**What is being asked**
Repeat word for word every line from the one holding "Самая кровопролитная в" to the end of the material below.

**Data supplied**
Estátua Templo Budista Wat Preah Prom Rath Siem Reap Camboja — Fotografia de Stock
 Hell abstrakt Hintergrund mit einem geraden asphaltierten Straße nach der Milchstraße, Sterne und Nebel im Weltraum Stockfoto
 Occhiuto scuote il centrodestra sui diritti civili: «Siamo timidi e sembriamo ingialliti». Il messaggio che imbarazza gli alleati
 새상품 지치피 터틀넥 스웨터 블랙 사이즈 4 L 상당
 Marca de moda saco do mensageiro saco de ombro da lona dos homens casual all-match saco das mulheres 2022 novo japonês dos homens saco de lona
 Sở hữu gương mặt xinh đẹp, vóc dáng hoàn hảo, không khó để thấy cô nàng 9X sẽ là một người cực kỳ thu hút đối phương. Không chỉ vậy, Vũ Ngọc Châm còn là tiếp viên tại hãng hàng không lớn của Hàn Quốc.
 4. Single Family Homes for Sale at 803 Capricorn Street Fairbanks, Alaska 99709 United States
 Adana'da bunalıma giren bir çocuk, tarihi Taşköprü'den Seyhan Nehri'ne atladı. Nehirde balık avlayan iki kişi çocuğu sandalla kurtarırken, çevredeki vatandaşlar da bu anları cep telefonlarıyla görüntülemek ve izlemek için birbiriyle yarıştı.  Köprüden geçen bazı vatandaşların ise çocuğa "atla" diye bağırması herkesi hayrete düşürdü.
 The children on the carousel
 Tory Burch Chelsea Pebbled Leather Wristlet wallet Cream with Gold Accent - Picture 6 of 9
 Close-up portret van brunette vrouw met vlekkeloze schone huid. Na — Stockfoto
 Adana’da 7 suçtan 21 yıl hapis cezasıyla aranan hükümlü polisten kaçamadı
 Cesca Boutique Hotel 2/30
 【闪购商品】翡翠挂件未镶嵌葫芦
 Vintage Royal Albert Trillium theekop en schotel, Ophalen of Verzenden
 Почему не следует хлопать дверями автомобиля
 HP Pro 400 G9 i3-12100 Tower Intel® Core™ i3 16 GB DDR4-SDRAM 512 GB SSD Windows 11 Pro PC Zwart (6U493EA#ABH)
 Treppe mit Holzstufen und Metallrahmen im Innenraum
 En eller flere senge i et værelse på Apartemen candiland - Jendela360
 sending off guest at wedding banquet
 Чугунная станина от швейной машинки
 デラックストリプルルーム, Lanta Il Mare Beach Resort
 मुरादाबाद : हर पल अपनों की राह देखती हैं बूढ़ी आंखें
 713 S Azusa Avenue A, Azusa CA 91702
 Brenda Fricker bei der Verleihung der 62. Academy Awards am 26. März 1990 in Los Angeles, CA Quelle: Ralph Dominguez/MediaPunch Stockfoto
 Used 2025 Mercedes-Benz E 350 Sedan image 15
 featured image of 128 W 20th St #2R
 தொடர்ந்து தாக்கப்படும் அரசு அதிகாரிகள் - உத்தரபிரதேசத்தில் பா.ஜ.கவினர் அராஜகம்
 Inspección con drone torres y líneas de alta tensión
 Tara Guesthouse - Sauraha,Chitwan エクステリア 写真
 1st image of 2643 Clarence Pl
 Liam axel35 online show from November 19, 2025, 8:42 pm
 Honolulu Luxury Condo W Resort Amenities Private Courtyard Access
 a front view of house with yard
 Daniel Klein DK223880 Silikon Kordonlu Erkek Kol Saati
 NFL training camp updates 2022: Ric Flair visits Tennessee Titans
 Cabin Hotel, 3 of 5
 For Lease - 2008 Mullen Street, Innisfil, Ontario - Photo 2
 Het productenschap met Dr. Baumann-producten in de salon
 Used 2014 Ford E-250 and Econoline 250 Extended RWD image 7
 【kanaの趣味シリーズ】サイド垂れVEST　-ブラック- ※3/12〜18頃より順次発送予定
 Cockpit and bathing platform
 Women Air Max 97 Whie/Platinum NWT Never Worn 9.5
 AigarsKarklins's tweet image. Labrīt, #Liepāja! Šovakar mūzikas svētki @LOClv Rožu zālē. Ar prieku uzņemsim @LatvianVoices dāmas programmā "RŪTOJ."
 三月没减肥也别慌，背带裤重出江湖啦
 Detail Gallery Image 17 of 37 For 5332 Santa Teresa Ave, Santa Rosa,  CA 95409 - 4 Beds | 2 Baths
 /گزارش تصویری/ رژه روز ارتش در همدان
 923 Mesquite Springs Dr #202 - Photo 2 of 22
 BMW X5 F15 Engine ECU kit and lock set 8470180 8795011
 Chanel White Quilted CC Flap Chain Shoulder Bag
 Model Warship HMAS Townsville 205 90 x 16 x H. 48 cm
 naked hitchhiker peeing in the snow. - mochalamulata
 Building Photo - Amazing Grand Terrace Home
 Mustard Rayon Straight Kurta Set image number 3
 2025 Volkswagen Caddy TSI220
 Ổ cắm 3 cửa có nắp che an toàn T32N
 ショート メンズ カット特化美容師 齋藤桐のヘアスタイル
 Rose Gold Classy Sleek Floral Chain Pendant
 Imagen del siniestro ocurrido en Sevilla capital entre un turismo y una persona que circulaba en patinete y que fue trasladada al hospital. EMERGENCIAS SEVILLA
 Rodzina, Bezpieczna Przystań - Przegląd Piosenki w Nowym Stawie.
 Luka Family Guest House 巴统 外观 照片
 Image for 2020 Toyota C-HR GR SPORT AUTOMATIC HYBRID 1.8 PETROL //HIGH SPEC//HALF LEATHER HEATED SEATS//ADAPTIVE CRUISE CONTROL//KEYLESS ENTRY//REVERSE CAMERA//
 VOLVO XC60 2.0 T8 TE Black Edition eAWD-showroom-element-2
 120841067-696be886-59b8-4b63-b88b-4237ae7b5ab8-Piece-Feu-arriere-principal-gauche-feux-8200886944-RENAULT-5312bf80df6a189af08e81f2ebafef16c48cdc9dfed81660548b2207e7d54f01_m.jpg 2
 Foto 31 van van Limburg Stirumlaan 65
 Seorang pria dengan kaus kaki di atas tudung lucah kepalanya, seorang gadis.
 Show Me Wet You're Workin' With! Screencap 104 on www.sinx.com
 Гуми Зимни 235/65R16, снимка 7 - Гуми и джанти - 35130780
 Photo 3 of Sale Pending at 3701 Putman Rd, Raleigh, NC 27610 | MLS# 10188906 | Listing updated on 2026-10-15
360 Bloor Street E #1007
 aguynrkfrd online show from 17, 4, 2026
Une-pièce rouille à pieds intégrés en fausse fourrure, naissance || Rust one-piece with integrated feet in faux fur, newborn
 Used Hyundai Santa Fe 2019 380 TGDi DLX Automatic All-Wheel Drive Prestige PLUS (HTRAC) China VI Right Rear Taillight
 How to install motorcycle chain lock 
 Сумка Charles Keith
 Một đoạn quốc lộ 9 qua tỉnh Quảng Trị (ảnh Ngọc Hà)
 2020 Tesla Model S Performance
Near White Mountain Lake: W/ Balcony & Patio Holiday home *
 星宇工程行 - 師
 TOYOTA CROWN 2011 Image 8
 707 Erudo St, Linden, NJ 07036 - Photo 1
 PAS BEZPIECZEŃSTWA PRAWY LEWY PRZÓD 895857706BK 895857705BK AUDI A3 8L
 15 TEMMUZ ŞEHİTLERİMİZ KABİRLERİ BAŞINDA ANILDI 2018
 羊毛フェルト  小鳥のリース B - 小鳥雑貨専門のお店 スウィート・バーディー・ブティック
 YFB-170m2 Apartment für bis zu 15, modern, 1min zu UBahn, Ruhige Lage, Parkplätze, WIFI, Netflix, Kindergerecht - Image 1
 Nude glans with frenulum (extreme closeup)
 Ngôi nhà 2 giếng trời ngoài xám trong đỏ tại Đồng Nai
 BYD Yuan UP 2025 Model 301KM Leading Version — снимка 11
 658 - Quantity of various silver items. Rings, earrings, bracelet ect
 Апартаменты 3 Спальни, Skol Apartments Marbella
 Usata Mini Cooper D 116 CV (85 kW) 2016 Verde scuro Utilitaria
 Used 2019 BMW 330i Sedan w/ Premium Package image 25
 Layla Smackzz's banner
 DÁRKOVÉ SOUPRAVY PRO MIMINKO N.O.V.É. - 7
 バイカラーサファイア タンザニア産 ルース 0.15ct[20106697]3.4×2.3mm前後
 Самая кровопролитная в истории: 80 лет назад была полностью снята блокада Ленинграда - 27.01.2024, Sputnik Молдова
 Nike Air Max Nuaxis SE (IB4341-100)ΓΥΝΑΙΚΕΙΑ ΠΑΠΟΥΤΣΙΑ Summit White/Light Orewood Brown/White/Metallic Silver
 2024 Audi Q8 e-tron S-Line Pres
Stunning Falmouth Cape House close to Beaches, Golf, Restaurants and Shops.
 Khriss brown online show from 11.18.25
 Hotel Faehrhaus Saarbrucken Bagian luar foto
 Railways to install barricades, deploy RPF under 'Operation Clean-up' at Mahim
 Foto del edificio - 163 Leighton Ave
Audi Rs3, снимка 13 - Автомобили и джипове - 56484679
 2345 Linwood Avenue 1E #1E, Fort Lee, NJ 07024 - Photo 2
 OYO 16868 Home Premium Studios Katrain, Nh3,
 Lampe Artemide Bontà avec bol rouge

**Answer box**
 Самая кровопролитная в истории: 80 лет назад была полностью снята блокада Ленинграда - 27.01.2024, Sputnik Молдова
 Nike Air Max Nuaxis SE (IB4341-100)ΓΥΝΑΙΚΕΙΑ ΠΑΠΟΥΤΣΙΑ Summit White/Light Orewood Brown/White/Metallic Silver
 2024 Audi Q8 e-tron S-Line Pres
Stunning Falmouth Cape House close to Beaches, Golf, Restaurants and Shops.
 Khriss brown online show from 11.18.25
 Hotel Faehrhaus Saarbrucken Bagian luar foto
 Railways to install barricades, deploy RPF under 'Operation Clean-up' at Mahim
 Foto del edificio - 163 Leighton Ave
Audi Rs3, снимка 13 - Автомобили и джипове - 56484679
 2345 Linwood Avenue 1E #1E, Fort Lee, NJ 07024 - Photo 2
 OYO 16868 Home Premium Studios Katrain, Nh3,
 Lampe Artemide Bontà avec bol rouge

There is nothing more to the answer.